By John L. Allen Jr.

A keenly anticipated U.N. report on the Vatican’s handling of the child sex abuse scandals that have rocked Catholicism for more than a decade is out today, Feb. 5, and it’s the verbal equivalent of a public flogging.

The UN Committee on the Rights of the Child accuses the Vatican of “not acknowledging” the extent of the crimes committed, of imposing policies that allowed abuse to continue, and of fostering “impunity” for abusers.

The panel issues a host of recommendations, including that a new papal commission on the protection of children should not only investigate cases of abuse but “the conduct of the Catholic hierarchy in dealing with them.”

The report also flags a number of problem areas, such as the practice of clergy moving around to dodge accusations.

“The practice of offenders’ mobility, which has allowed many priests to remain in contact with children and to continue to abuse them, still places children in many countries at high risk of sexual abuse,” the report claims.

“Dozens of child sexual offenders are reported to be still in contact with children,” it said.

The report condemns the Vatican for imposing what it calls a “code of silence” on abuse claims, which in practice, the committee says, meant these crimes were rarely reported to the police.

Here’s the report’s bottom line, in item 43: “The Committee is gravely concerned that the Holy See has not acknowledged the extent of the crimes committed, has not taken the necessary measures to address cases of child sexual abuse and to protect children, and has adopted policies and practices which have led to the continuation of the abuse by and the impunity of the perpetrators.”

Victims’ groups are hailing the report.

“For the safety of children, we hope every head of state on the planet reads this and acts on it,” said a statement from the Survivors’ Network of Those Abused by Priests.

Two quick observations on the report.

One, it follows a Jan. 16 hearing in Geneva in which Italian Archbishop Silvano Tomasi and Auxiliary Bishop Charles Scicluna of Malta appeared before the Committee on the Rights of the Child on behalf of the Vatican.

Tomasi vowed that the Catholic church today wants to be “an example of best practice” in the fight against child abuse, while Scicluna insisted that Catholicism now recognizes a “non-negotiable principle” of paramount concern for the well-being of children in its approach to wayward clergy.

In general, the back-and-forth that day suggested that the child protection experts who make up the UN panel felt that the Vatican, however belatedly, is moving in the right direction.

Sara De Jesus Oviedo Fierro of Spain, for instance, said at day’s end that the committee now has “great expectations that new steps will be taken, that dialogue with civil society will happen, [that] this will become a reality.

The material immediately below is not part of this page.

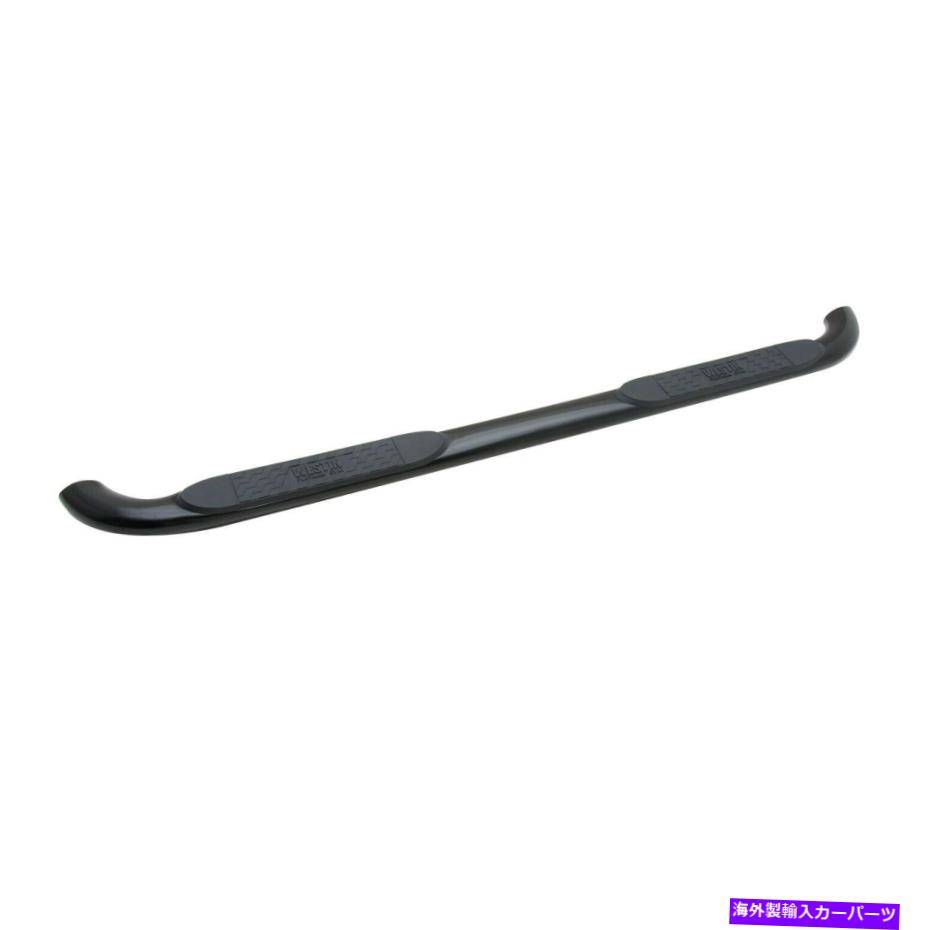 Nerf Bar Westin 21-1335 Platinum 4楕円形のnerfステップバー Westin 21-1335 Platinum 4 Oval Nerf Step Bars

This will attest to this new era, this new dawn for the Holy See.”

The written report doesn’t contain much reference to Tomasi and Scicluna’s testimony, and its tone is unsparingly critical – suggesting either that at least portions of it were actually drafted before the hearing took place, or that, upon reflection, the experts were less persuaded the Vatican has turned a corner than they seemed two weeks ago.

Second, the report seems destined to be read with skepticism in some Catholic circles because it also wades into the culture wars. At different points, the UN panel suggests that the Vatican modify, or even abandon, Catholic teaching on issues such as abortion, gay marriage and contraception.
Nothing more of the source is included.